I argue, doubt, shift blame, and ultimately, I feel a freezing sensation as I’m put into Cold Sleep for the 45th time. I wake up again, and none of the crewmates remember what we were talking about; my screen lights up with the words “Loop 46,” and we begin again.
This is the loop for Gnosia, the murder-mystery visual novel released by Playism today. It’s a game that focuses on eliminating your ship of the alien race the GNosia, who will kill everyone on the ship until they are the majority of the crew. It’s a logic puzzle begging for you to deduce it until it isn’t.
There’s a much larger story at play, one about two characters aware they are stuck in an endless loop, in fact, you’re the only characters aware this is happening. Every other character on the ship doesn’t remember anything; all they want to do is eliminate the Gnosia from the ship, blissfully unaware they’ve been doing this for much longer than they know.
The mechanics of Gnosia are simply at the surface; figure out who the Gnosia is by using a series of clues and intuition. Characters will claim various roles, like the engineer can evaluate one target a night to determine whether they are Gnosia or human. Every day the crew meets to discuss their findings and choose to put one person in Cold Sleep. Using the pieces of the puzzle you try to cast doubt and argue your reasoning while trying to stay alive yourself.
This is where the rigid mechanics of the game can be faulty. Often characters will dismiss your thoughts on an accusation only to accuse the same person immediately, or vice-versa. Of course, you can upgrade skills like charisma or logic to help mitigate these instances, but it’s hard to play a game of logic with NPCs at times.
Eventually, you’ll have more control over how many NPCs are present, which roles can be allowed, and even your own role. This is where Gnosia really shines and allows you to experiment with all sorts of crazy settings.
For a game that focuses sharply on bite-sized rounds (each one lasting around ten minutes) the customization options help each round feel fresh, even if you end up in Cold Sleep three times in a row.
The game pushes you to experiment and try new combinations. It’s encouraged by providing more of the big picture story by having unique combinations of characters and roles. While I haven’t finished the game, I’ve seen some really wild story moments that make Gnosia a must-play.
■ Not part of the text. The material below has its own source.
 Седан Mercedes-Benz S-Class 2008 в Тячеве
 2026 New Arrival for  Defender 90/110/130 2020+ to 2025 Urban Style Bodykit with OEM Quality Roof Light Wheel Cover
Over the course of these loops, you’ll learn more about the individual crewmates, and you’ll discover their likes, dislikes, fears, desires, and much more. It’s a cast of eclectic and exciting characters that all bring something different to the experience.
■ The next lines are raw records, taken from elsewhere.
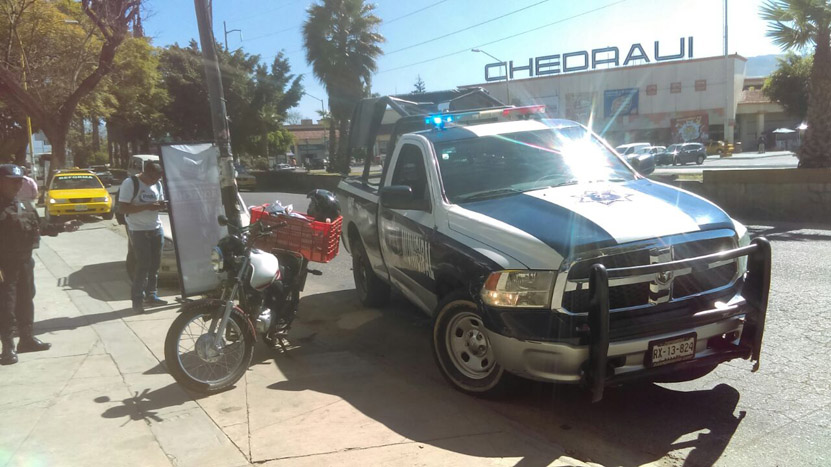 Chocan moto y patrulla en el periférico de Oaxaca | El Imparcial de Oaxaca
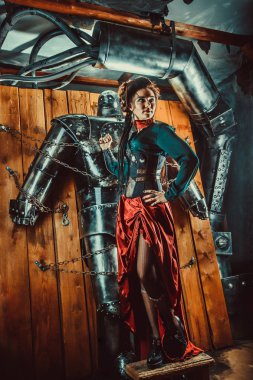 Güzel bir kadın ile berabere kalan erkek robot.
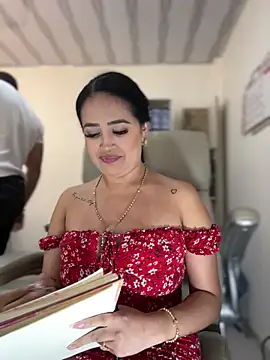 Snapshot of Sara_fun chatting on 03-09-25, 05:11 Sara fun online show from 03-09-25, 05:11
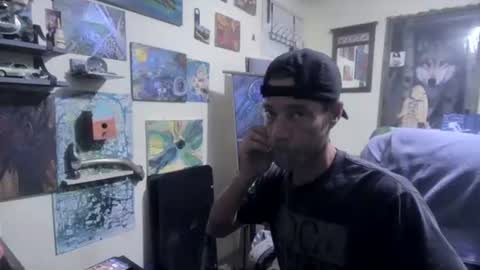 Snapshot of imtru chatting on May 24, 7:52 pm imtru online show from May 24, 7:52 pm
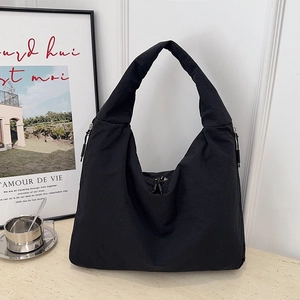 Women Large Capacity Nylon Tote Bag Casual Lightweight Shoulder Hobo Bag Minimalist Zipper Waterproof Bag For Daily Commuting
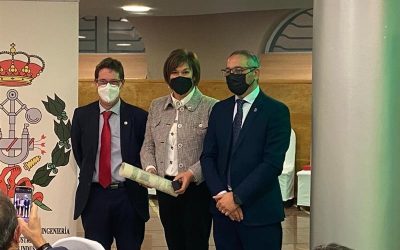 María del Pilar Alonso Miñambres, recibe la distinción de Socio de Mérito de la UAITIE impulsada por su Asociación provincial de Zamora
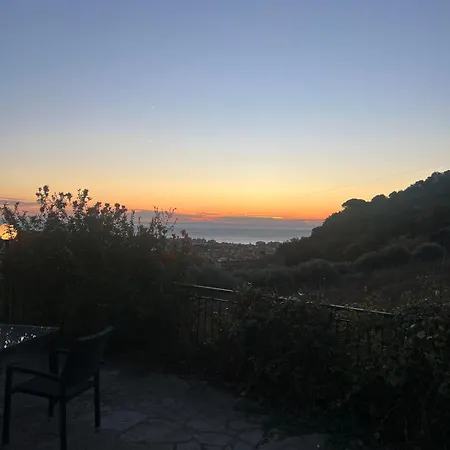 Enjoy The Stunning Views In Muzazzi, Our Riviera بيت للعطل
One of the most challenging moments in Gnosia is having to fight your own inherent bias when choosing who to kill. You’ll learn to love some characters but hate others. However, none of that matters when voting. You are constantly reminded that each loop is separate, friends from previous loops don’t remember those friendships forged, and neither should you. One moment you’re in love, the next they are a snake oil dealer.
Anyone can be a Gnosia, and ultimately you’re forced to make tough decisions. It’s nothing personal, but it feels like it is. When removing someone from existence, it feels cold, calculated, but that’s the reality of the situation, and Gnosia does an incredible job and making you feel the weight.
I’m sure I’ll have more to say on Gnosia, but these are my (somewhat) early impressions of the game. The game is currently available on the Nintendo Switch.